From distillation techniques to botanical choices, so much can affect how a gin tastes. Here Liam Scandrett of the Wine & Spirit Education Trust breaks down the flavour factor.
The base spirit
As almost all gin (in the EU at least) is made from a highly rectified spirit of 95 or 96% ABV, the raw material is really of little significance when it comes to flavour. The whole point with gin is to produce a ‘blank canvas’ spirit, as it’s definitive taste comes from the way in which it is flavoured once it has been produced.
Will Lowe, Master Distiller of The Cambridge Distillery and WSET Certified Spirits Educator, explains it like this: “Think of a rum or whisky producer as a sculptor, carefully chipping away at a raw material over years with various techniques to produce their spirit. The gin distiller is like a painter, taking a blank canvas and using a set of tools and a palette of different botanicals to make their mark on that canvas.”
The Botanicals
The primary drivers of flavour in gin are the botanicals. Not only which ones, but also in what proportions and using what methods. Here are a few of the most important, found in many gins on the market.
Juniper – Legally the only botanical that must be included, juniper berries give gin its characterful and invigorating pine-like quality.
Coriander Seed – Present in most gins, coriander seeds add spicy notes, and depending on its source, sometimes peppery notes like ginger or sage.
Angelica Root – Angelica root has a musky, earthy aroma, reminiscent of walking through a dry wood.
Citrus Peels – Whether lemon, lime, grapefruit, pomelo, bergamot, sweet orange, bitter orange… the chosen peel will lend itself to the other botanicals, adding a zesty complexity.

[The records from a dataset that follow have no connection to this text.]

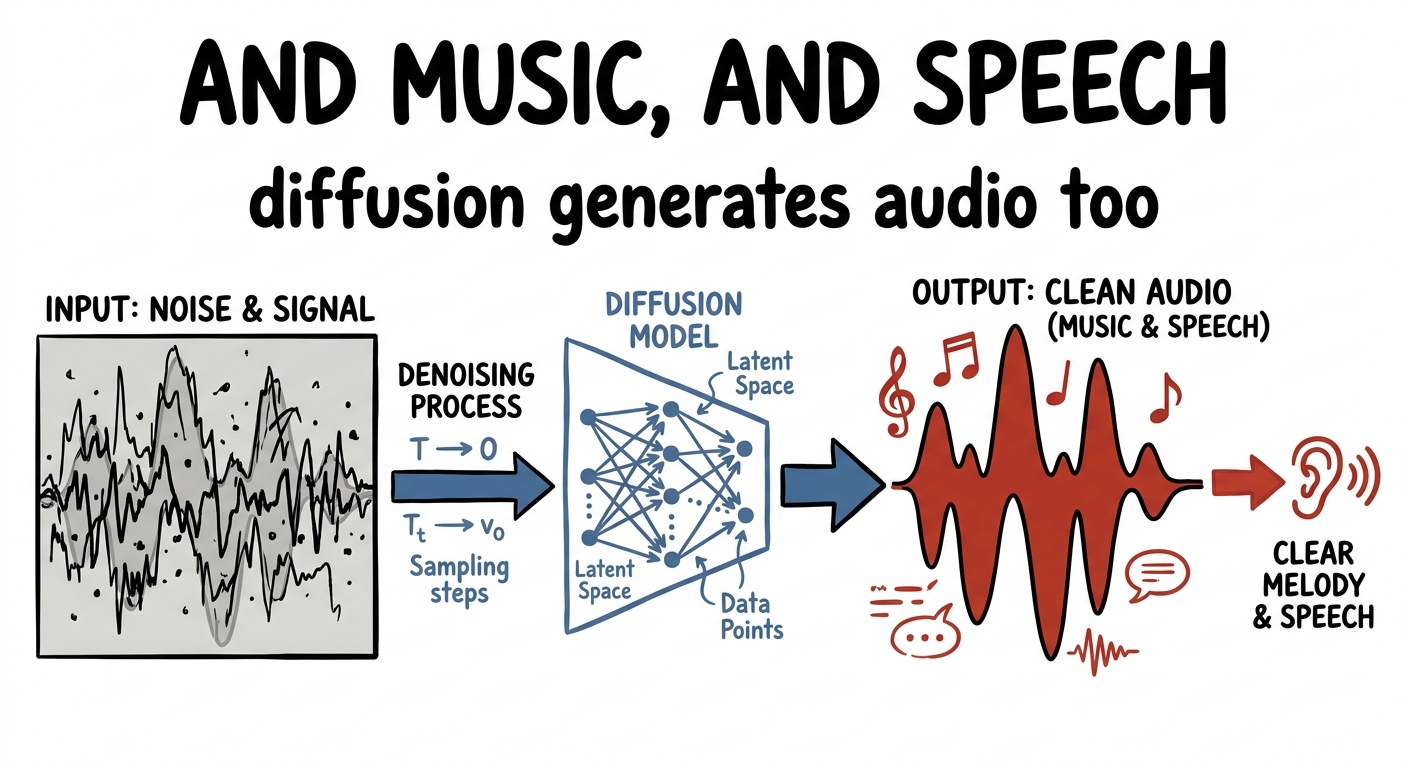 Diffusion generates audio and music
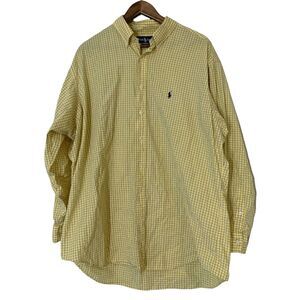 Ralph Lauren Yellow Blue Plaid Button Down Shirt Mens Sz 17.5 34/35 Yarmouth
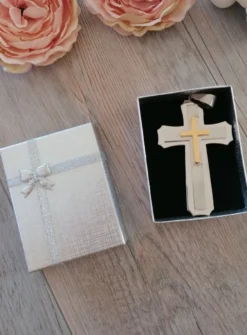 Grande croix de communion triple superposition Gris argent
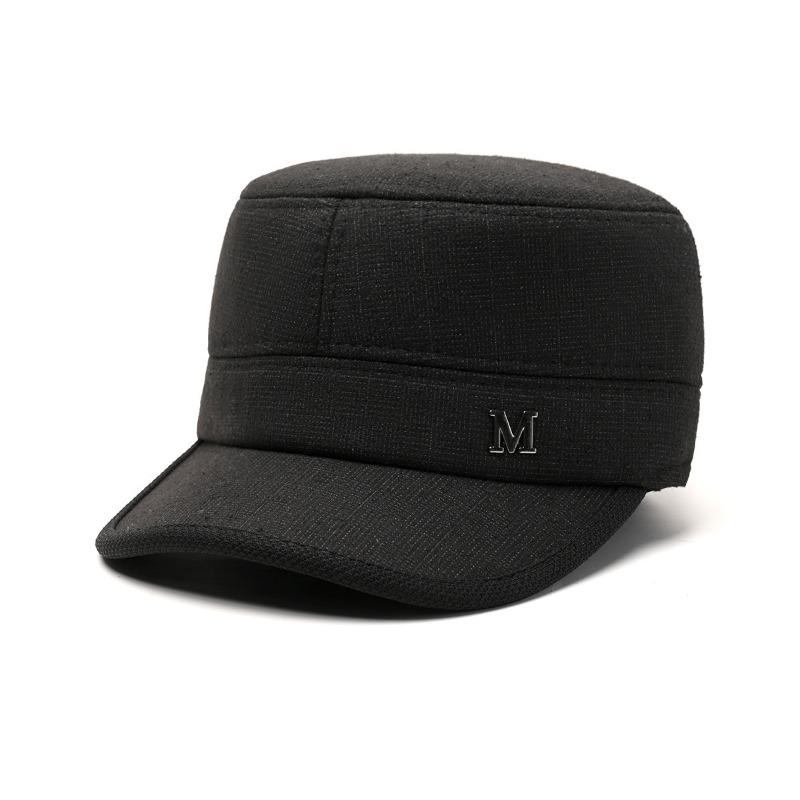 Hat Men's Winter Flat Hat Fleece Thickened Cap Dad Wool Cotton Hat Thermal Ear Protector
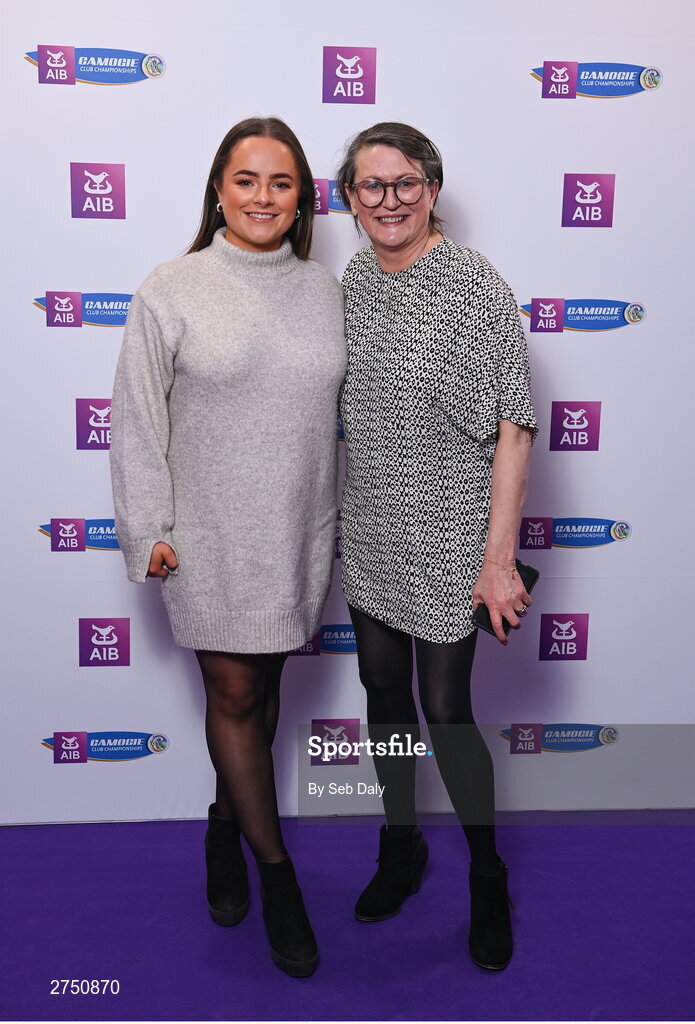 2 March 2024; Tara Gleeson, left, Gill Waters of the Camogie Association on arrival at the AIB Camogie Club Player Awards at Croke Park in Dublin. Photo by Seb Daly/Sportsfile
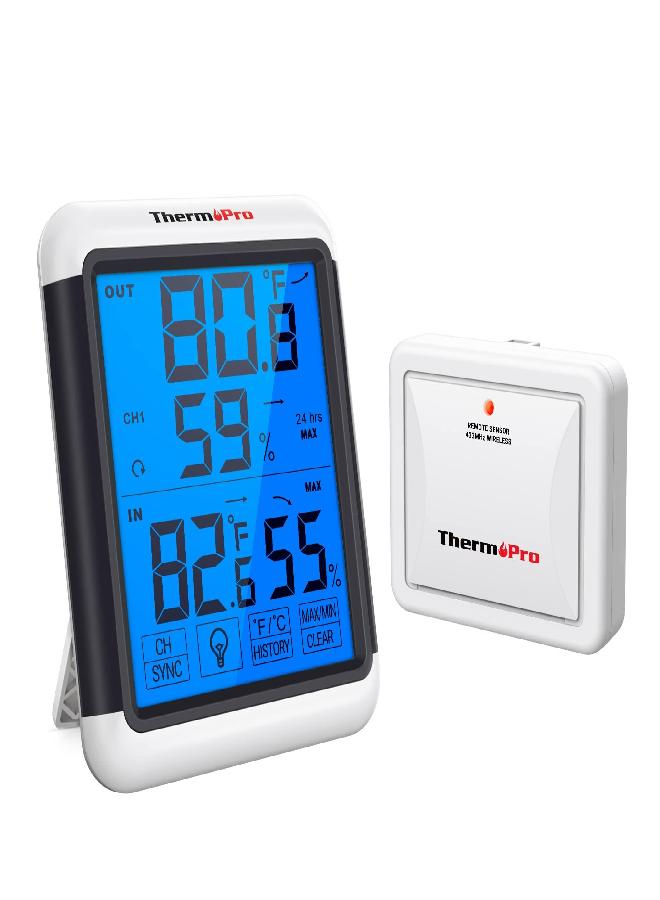 ThermoPro TP65 Indoor Outdoor Thermometer Digital Wireless Hygrometer Temperature Humidity Monitor with Jumbo Touchscreen and Backlight Humidity Gauge - Image 4
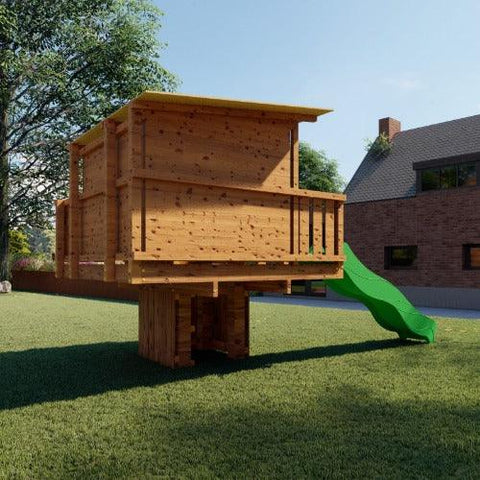 Image of Villa-Panda-outdoor-island-boomhut-speeltoren-met-glijbaan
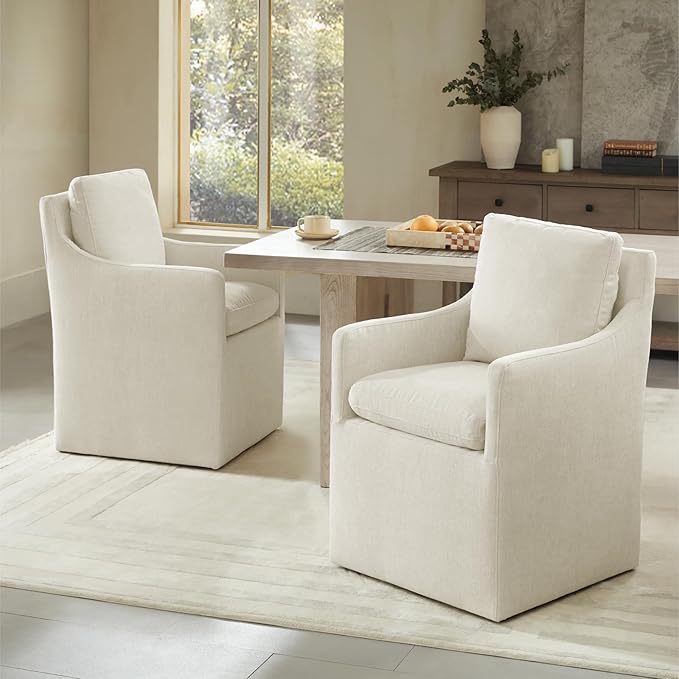 Upholstered Dining Chairs with Casters No Assembly Modern Accent Armchair with - Image 2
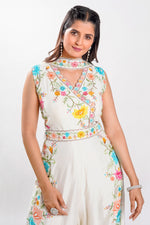 Load image into Gallery viewer, White Color Silk Fabric Jumpsuit With Bow Neck Dupatta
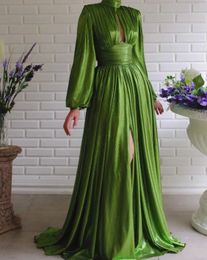 Elegant Prom Dresses For Women Aline Solid Fashion Waist High Neck Swing Long Sleeve Vestidos Evening Party Maxi Dress Female 240220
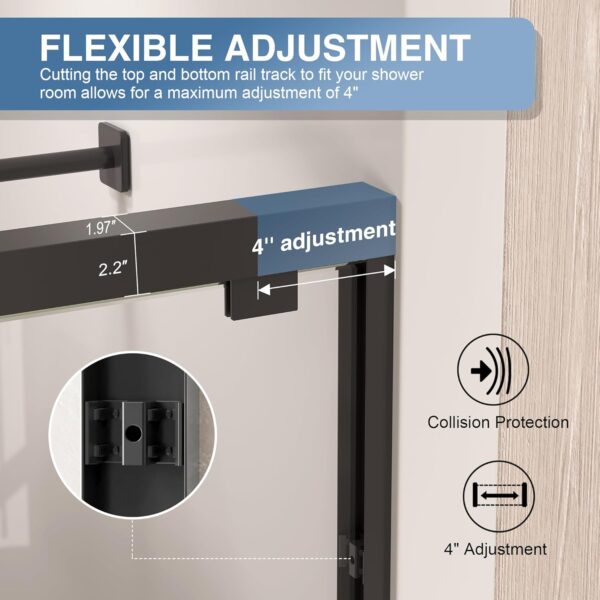 56-60”W x 76" H New Upgraded Single Sliding Semi-Frameless Shower Door, Semi-Frameless Shower Door with Explosion-Proof Film and Nano Coating, 1/4” (6MM) SGCC Tempered Glass, Matte Black Finish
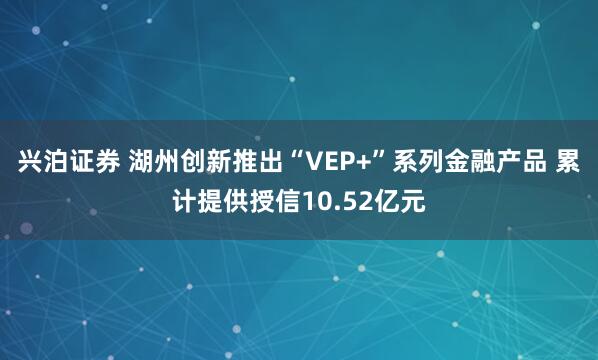 兴泊证券 湖州创新推出“VEP+”系列金融产品 累计提供授信10.52亿元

Cinnamon and Cassia Bark – Sweet botanicals like these, or liquorice root, balance out more bitter, floral or earthy botanicals. If a sweet botanical isn’t used, the resulting liquid would likely be undrinkable without additional sweeteners, which is illegal in distilled London Dry Gins.
The Recipe
The exact proportions of each botanical used are critical, and distillers measure out ingredients very precisely. Some botanicals produce so much flavour they can be overwhelming, so are used in small proportions.
Whereas most classic producers distil all botanicals together in one pot still, it is increasingly common to distil botanicals separately and then blend them together. Some argue that distilling all in one pot can produce a ‘muddied’ result and distilling separately or as groups of ‘top notes’ and ‘base notes’ can provide a greater clarity of flavour from each botanical. Yet, when distilling together botanical compounds can combine to produce new distinct aromas.
Location in the Still
Where botanicals are located in the still, as well as the type, size and shape of the still, can have a large bearing on the type of spirit and intensity of flavour produced. Botanicals can sit loose in the spirit or in semi-porous bags.
Some producers even choose to let the botanicals steep or macerate for some time before distillation, believing it fixes aromas more effectively. Others decide to keep the botanicals in a tray above the distilling liquid, simply allowing the vapours to pass through – producing a much lighter style of gin.
Cut Points
The volatility of all the different aromatic substances in the botanicals are different, and as a result come off in a sequence rather than all at once. The distiller chooses when to start and end the collection of liquid for bottling, and therefore can decide to collect and concentrate different parts of the distilling liquid.The first compounds to come across are from the citrus peels, then as they start to fade juniper comes to the fore, followed by spicy notes of coriander and finally, the rooty notes of angelica and liquorice. Ultimately the flavours become stewed and overtly rooty.